**PROMPT**
Using the listing below, print the line containing "-FRIDAY星期五专业美发沙龙", the line containing "Первый вице-президент Мехрибан", and each line between them, exactly and nothing else. Pictures stay out of the print.

======== DATA RECORDS

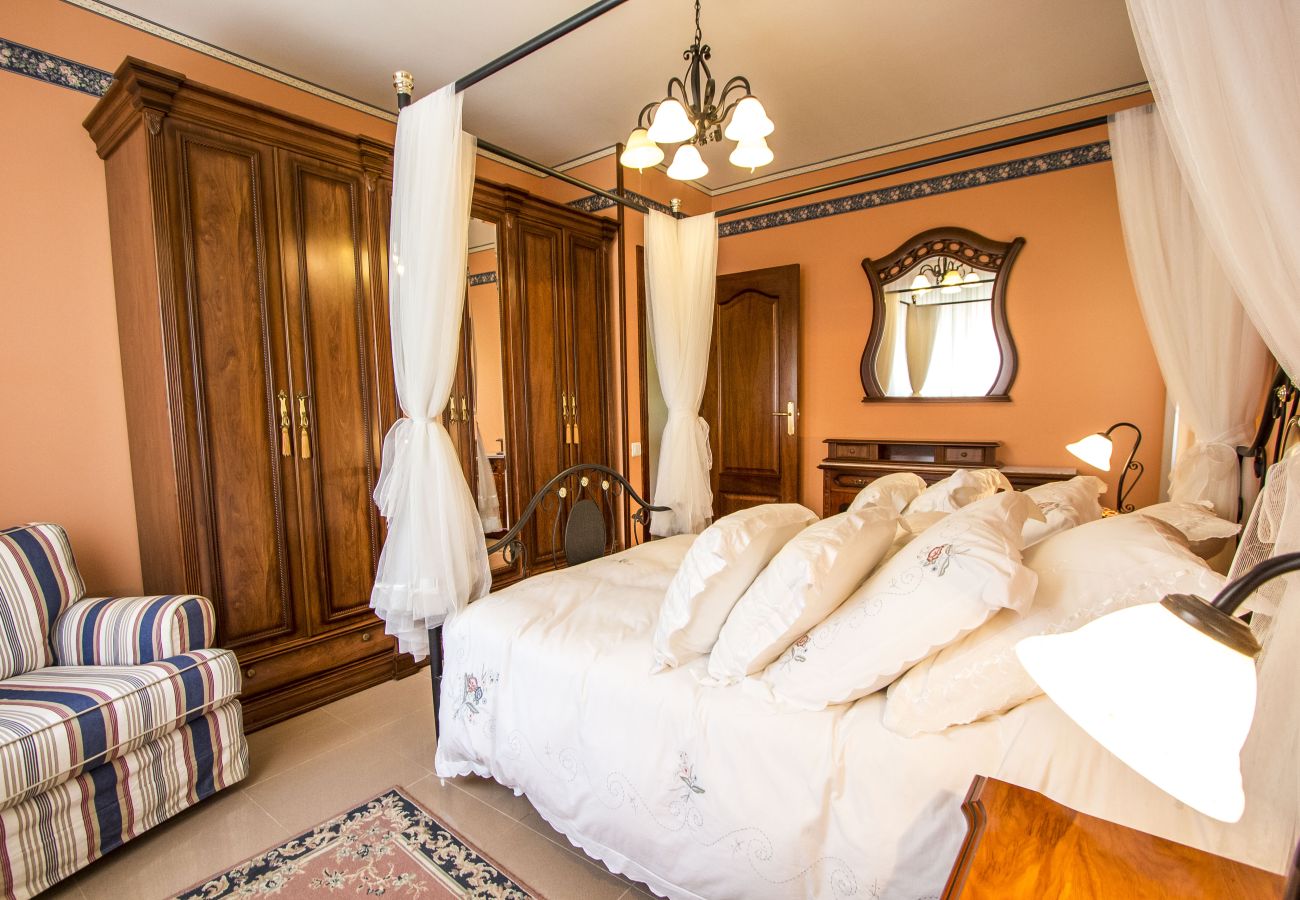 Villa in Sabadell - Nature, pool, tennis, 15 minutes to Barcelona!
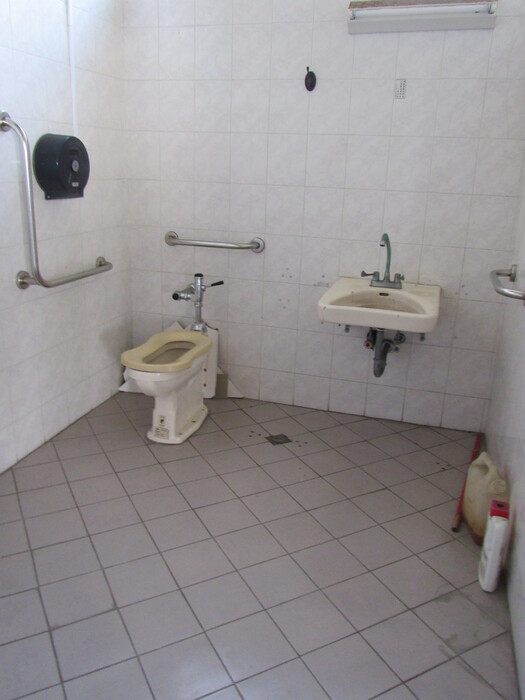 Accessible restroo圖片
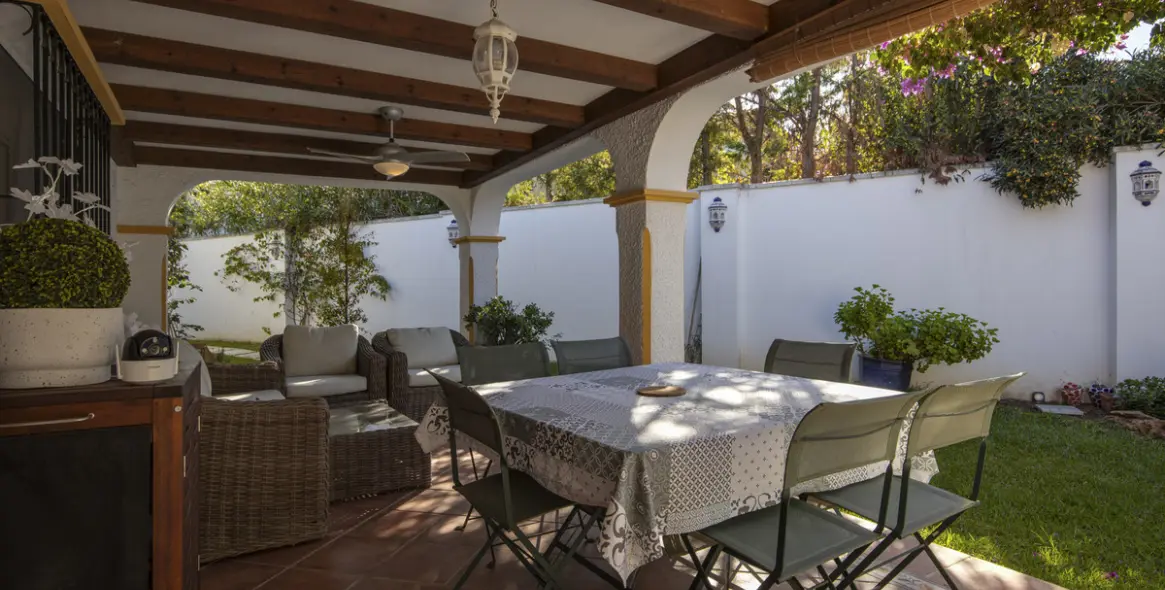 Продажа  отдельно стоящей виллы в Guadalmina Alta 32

================
======== DATA RECORDS

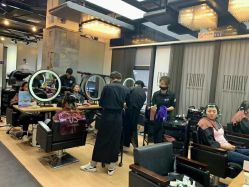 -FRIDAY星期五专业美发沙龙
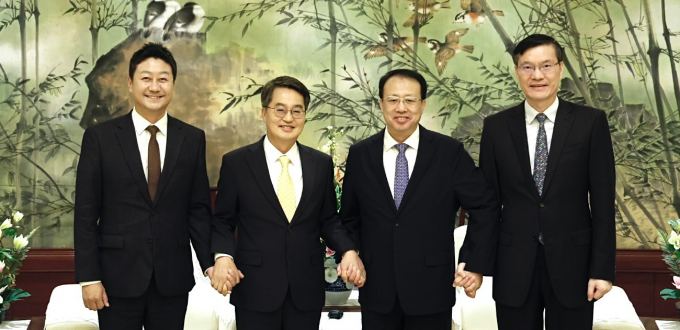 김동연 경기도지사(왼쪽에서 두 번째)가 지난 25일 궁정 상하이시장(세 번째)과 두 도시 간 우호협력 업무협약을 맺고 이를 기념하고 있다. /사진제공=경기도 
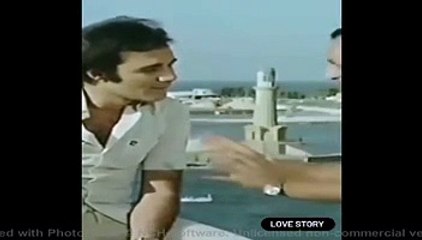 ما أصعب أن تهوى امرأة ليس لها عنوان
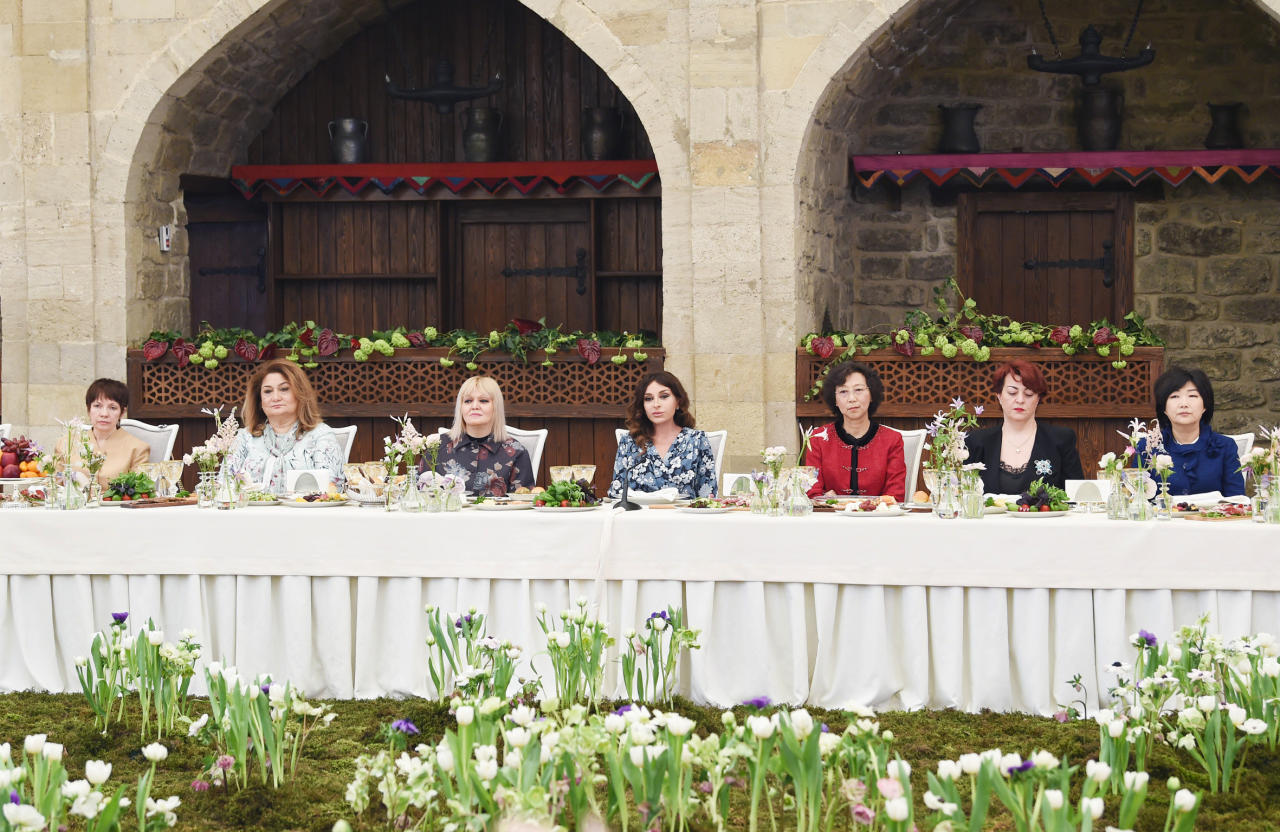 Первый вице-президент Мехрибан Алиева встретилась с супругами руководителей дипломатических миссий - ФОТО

================
======== DATA RECORDS

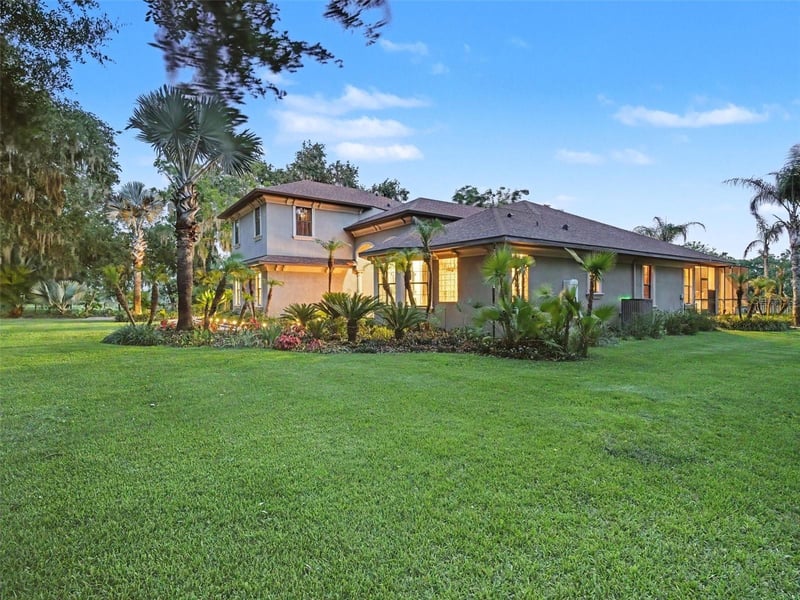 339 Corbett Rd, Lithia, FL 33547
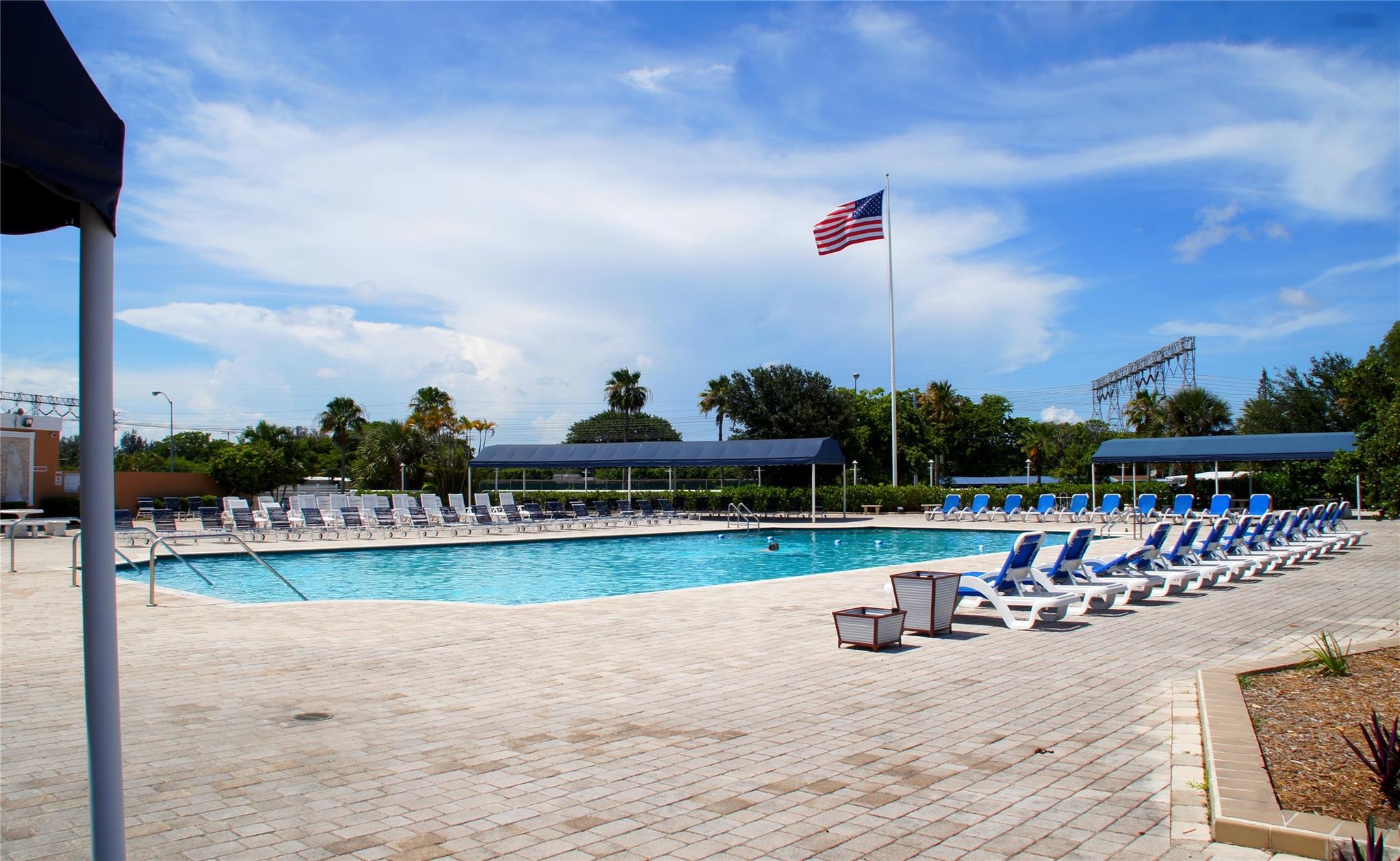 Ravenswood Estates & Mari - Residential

================

**EXERCISE RESPONSE**
 -FRIDAY星期五专业美发沙龙
 김동연 경기도지사(왼쪽에서 두 번째)가 지난 25일 궁정 상하이시장(세 번째)과 두 도시 간 우호협력 업무협약을 맺고 이를 기념하고 있다. /사진제공=경기도 
 ما أصعب أن تهوى امرأة ليس لها عنوان
 Первый вице-президент Мехрибан Алиева встретилась с супругами руководителей дипломатических миссий - ФОТО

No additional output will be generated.